At the time of its establishment in 1923, the Cross of Merit was the highest civilian award in Poland. It was awarded to citizens who went beyond the call of duty in their work for the country and society as a whole. May be awarded twice in each grade to the same person.
The other decoration she received was the Order of the White Eagle. The Order of the White Eagle is Poland’s highest order awarded to both civilians and the military for their merits. It was officially instituted on 1 November 1705 by king Augustus II the Strong of Poland and the elector of Saxony.
It was bestowed on eight of his closest diplomatic and political supporters. It is one of the oldest distinctions in the world still in use. The decoration was awarded late in Sendler’s life for her wartime humanitarian efforts.
5. She grew up in a Jewish community
Sendler was born in Warsaw, to Stanisław Henryk Krzyżanowski, a physician, and his wife, Janina Karolina. She was baptized Irena Stanisława on 2 February 1917 in Otwock. She initially grew up in Otwock, a town about 15 miles southeast of Warsaw, where there was a Jewish community.
6. Why was Sendler devoted to helping the Jews soo much?
Her father, Stanisław Henryk Krzyżanowski, was a humanitarian who treated the very poor, including Jews, free of charge. Unfortunately, Stanislaw died in February 1917 from typhus contracted by his patients.
After his death, the Jewish community offered financial help for the widow and her daughter, though Janina Krzyżanowska declined their assistance. This is the main reason why she wanted to pay back for the kindness the Jews gave their helpless single-parent family when the father died.
7. Sendler started her activism while at the University
From 1927, Sendler studied law for two years and then Polish literature at the University of Warsaw, interrupting her studies for several years from 1932 to 1937. She opposed the ghetto benches system practiced in the 1930s at many Polish institutions of higher learning.
Due to her opposition to ghetto benches, she defaced the “non-Jewish” identification on her grade card.
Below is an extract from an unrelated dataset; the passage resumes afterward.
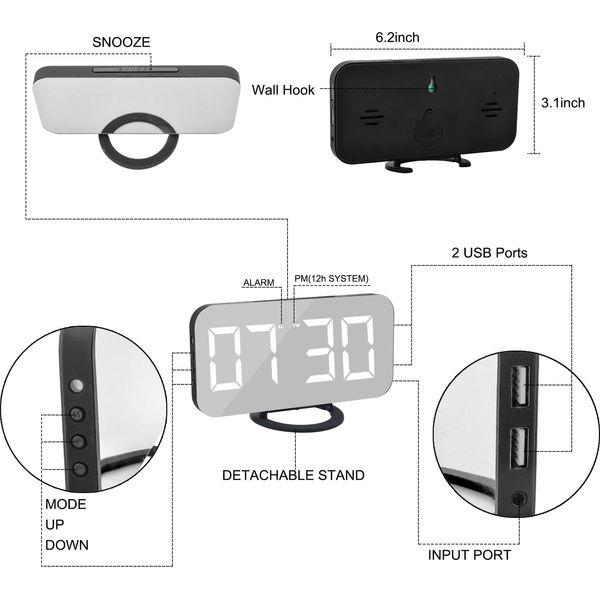 U-picks Digital Alarm Clock, 6.5 Inch Large LED Screen Alarm Mirror with Brightness Dimming Mode, Adjustable Brightness, 2 USB Charging Ports, Big Snooze Button for Home Decor Black 3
She reported having suffered from academic disciplinary measures because of her activities and reputation as a communist and Philo-Semite.
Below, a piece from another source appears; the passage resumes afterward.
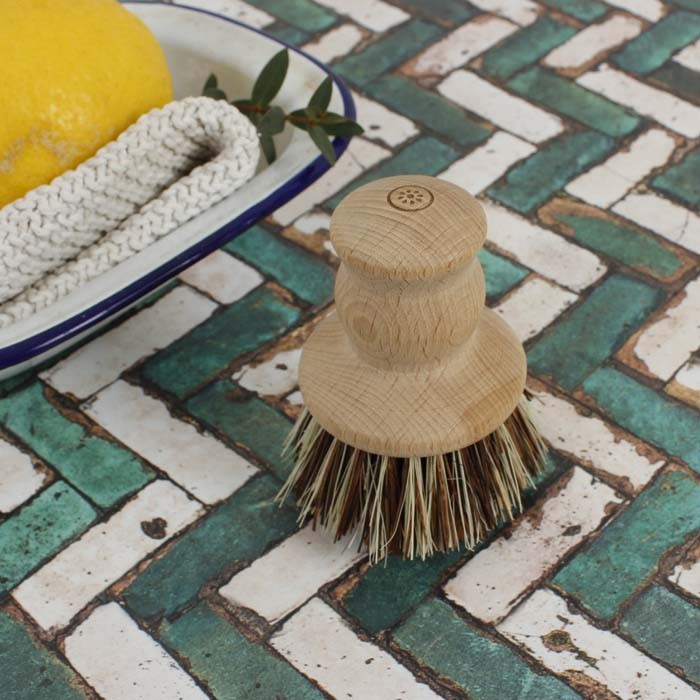 Wooden Pot Brush with Stiff Plant Fibres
8. Sendler once worked in a legal counseling and social help clinic
In the legal counseling and social help clinic, the Section for Mother and Child Assistance at the Citizen Committee Sendle helped the Unemployed. She published two pieces in 1934, both concerned with the situation of children born out of wedlock and their mothers.
She worked mostly in the field, crisscrossing Warsaw’s impoverished neighborhoods, and her clients were helpless, socially disadvantaged women. In 1935, the government abolished the section. Many of its members became employees of the City of Warsaw, including Sendler in the Department of Social Welfare and Public Health.
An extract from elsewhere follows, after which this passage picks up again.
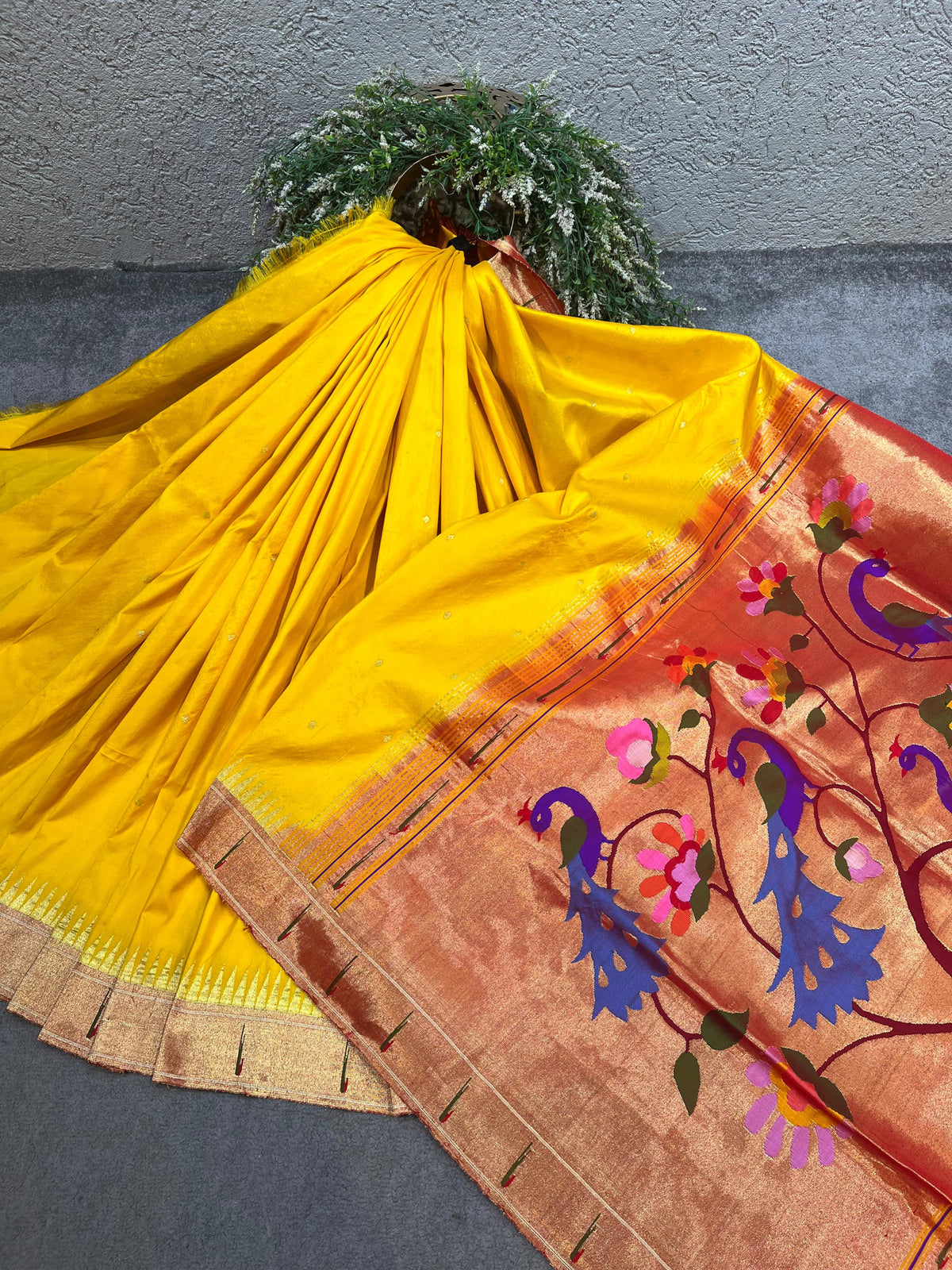 YELLOW SILK PURE HANDLOOM PAITHANI SAREE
9. Sendler divorced Mieczysław Sendler twice
In 1931 Sendler married Mieczysław Sendler. He was mobilized for war, captured as a soldier in September 1939, and remained in a German prisoner of war camp until 1945. They divorced in 1947.
Irena then married Stefan Zgrzembski, a Jewish friend and wartime companion. They were blessed with three children, Janina, Andrzej (who died in infancy), and Adam (who died of heart failure in 1999).
In 1957 Zgrzembski left the family; he died in 1961 and Irena remarried her first husband, Mieczysław Sendler. Ten years later they divorced again.
10. American filmmaker Mary Skinner filmed a documentary about Irena Sendler
The film documentary is called Irena Sendler. The documentary was filmed In the Name of Their Mothers. It features the last interviews Sendler gave before her death.
The film made its national U.S. broadcast premiere through KQED Presents on PBS in May 2011 in honor of Holocaust Remembrance Day and went on to receive several awards, including the 2012 Gracie Award for outstanding public television documentaries.